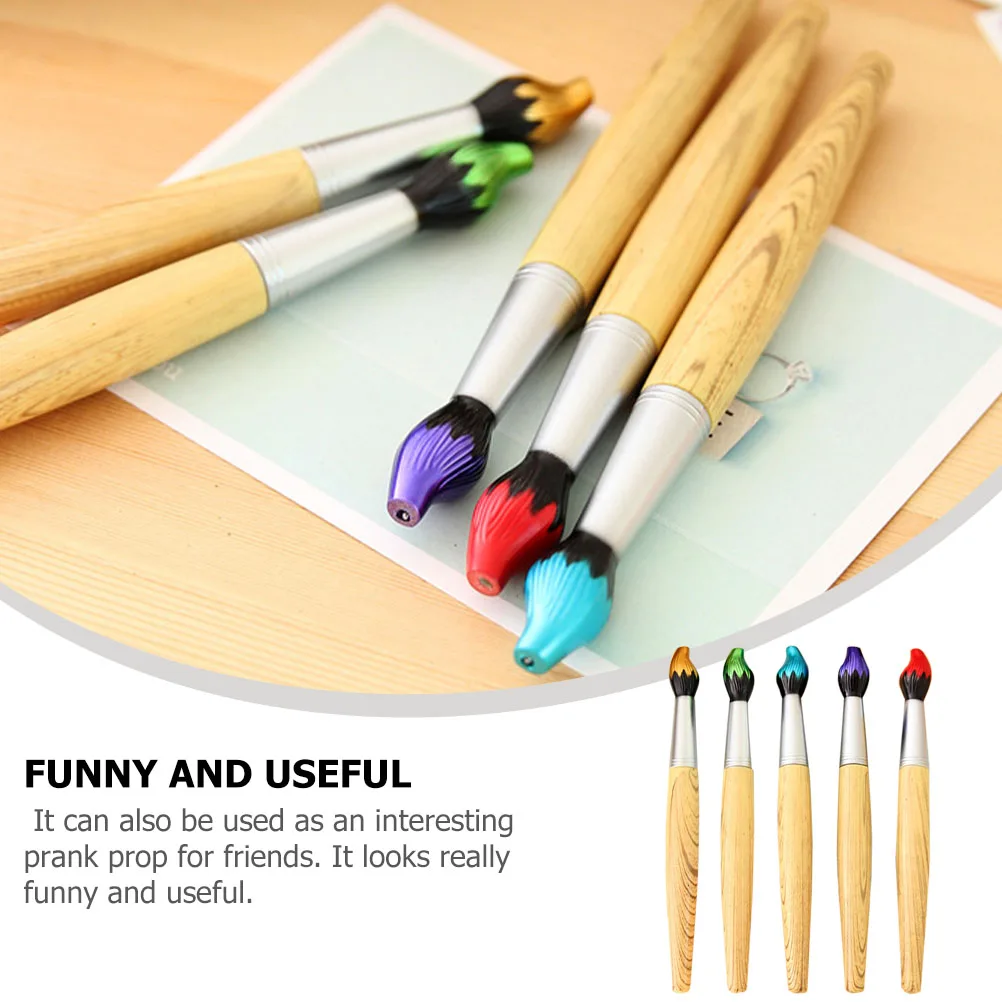 

5pcs Wooden Brush Ballpoint Pen Comfortable Grip Portable Writing Pens for Teachers Office Supplies Household Gifts
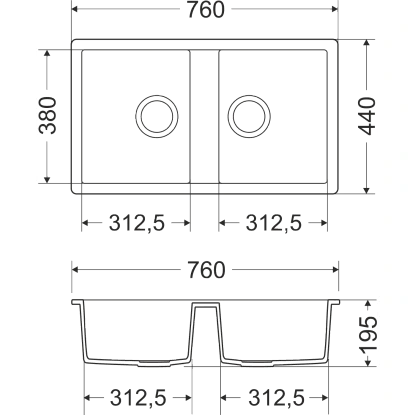 Miló Einbauspüle Granitverbundstoff Blissano 76 Graphit – Bild 2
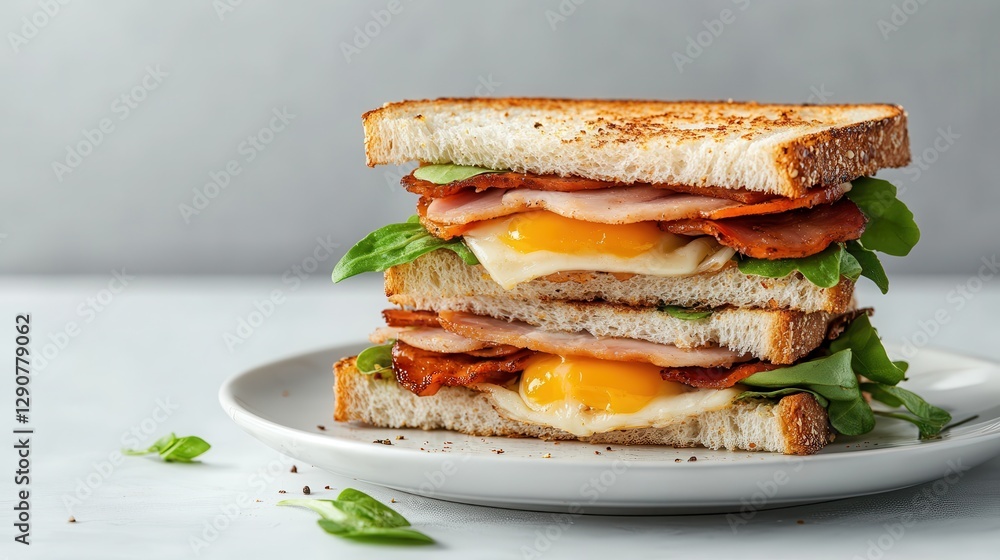 A sumptuous breakfast sandwich layered with crispy bacon, fresh greens, and a perfectly cooked egg, presented on a light plate against a soft background for a pleasing look. A sumptuous breakfast sandwich layered with crispy bacon, fresh greens, and a perfectly cooked egg, presented on a light plate against a soft background for a pleasing look.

++++++++

The preceding listing must be repeated exactly, with all images dropped.

▶ **TASK RESULT**
5pcs Wooden Brush Ballpoint Pen Comfortable Grip Portable Writing Pens for Teachers Office Supplies Household Gifts
 Miló Einbauspüle Granitverbundstoff Blissano 76 Graphit – Bild 2
 A sumptuous breakfast sandwich layered with crispy bacon, fresh greens, and a perfectly cooked egg, presented on a light plate against a soft background for a pleasing look. A sumptuous breakfast sandwich layered with crispy bacon, fresh greens, and a perfectly cooked egg, presented on a light plate against a soft background for a pleasing look.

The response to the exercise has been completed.